Longitude begins: “Once on a Wednesday excursion when I was a little girl, my father bought me a beaded wire ball that I loved. At a touch, I could collapse the toy into a flat coil between my palms, or pop it open to make a hollow sphere. Rounded out, it resembled a tiny Earth, because its hinged wires traced the same pattern of intersecting circles that I had seen on the globe in my schoolroom — the thin black lines of latitude and longitude.

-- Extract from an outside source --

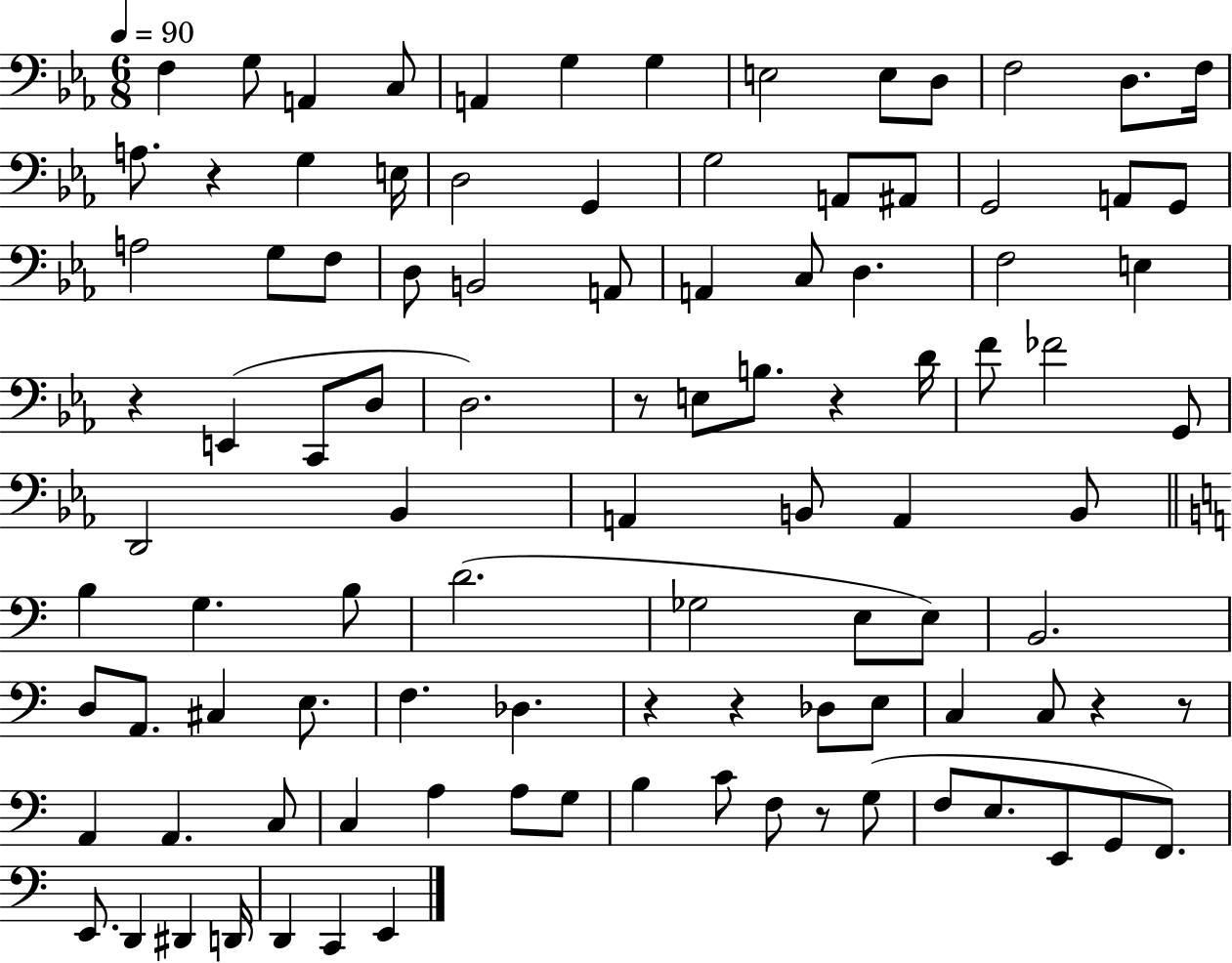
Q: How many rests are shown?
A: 9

The few colored beads slid along the wire paths haphazardly, like ships on the high seas [...] Today, the latitude and longitude lines govern with more authority than I could have imagined forty-odd years ago, for they stay fixed as the world changes its configuration underneath them — with continents adrift across a widening sea, and national boundaries repeatedly redrawn by war or peace.”

Sobel’s novel Galileo’s Daughter, about the correspondence between the great Italian astronomer and his favorite daughter, nominated for the 2000 Pulitzer Prize for biography or autobiography.

Her latest book is about Polish mathematician and astronomer Nicholas Copernicus. It came out in 2011 and is titled More Perfect Heaven: How Copernicus Revolutionized the Cosmos.